Pain at the site of the infection is not common unless the skin is broken. It may be seen with ulcers which are open sores. Vigorous scratching and a secondary bacterial infection of the affected skin may also lead to pain. Burning is another symptom that may sometimes be experienced when the skin is broke or there are open sores (ulcers). Pressure on the affected are may worsen the pain and burning.

Treatment of Athlete’s Foot

The focus of athlete’s foot treatment is to eradicate the fungus. Gradually the skin will heal and symptoms resolve. Eradicating the fungus may involve topical (surface) or oral (internal) medication. The latter is reserved only for severe cases that is not responding topical applications like ointments, creams and gels.
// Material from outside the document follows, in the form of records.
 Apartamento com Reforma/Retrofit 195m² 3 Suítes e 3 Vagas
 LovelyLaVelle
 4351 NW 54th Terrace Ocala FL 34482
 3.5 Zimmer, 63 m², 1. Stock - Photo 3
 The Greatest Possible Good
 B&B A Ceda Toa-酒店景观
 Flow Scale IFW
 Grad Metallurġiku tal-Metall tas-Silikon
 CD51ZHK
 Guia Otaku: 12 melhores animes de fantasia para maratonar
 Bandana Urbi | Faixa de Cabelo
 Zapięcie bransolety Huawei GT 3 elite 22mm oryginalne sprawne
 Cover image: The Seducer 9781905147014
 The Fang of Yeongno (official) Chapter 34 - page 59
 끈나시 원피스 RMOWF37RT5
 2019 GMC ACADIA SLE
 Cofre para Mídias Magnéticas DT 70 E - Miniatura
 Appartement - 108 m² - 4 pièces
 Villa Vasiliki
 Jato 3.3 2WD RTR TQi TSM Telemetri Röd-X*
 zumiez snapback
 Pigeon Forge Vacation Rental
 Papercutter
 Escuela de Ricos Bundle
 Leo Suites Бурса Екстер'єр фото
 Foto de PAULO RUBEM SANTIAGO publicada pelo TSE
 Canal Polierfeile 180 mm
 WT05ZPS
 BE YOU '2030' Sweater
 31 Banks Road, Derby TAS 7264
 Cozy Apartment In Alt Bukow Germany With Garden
It can take 1 to 2 months to eradicate the fungus.

The substances within the topical and/or oral antifungal agents include terbinafine, ketoconazole and miconazole. Some topical antifungal applications are available over-the-counter without a prescription. If these applications do not eradicate the fungus then stronger topical applications and even oral medication may be prescribed. Antibacterial ointments may also be used if there is a bacterial infection at the site.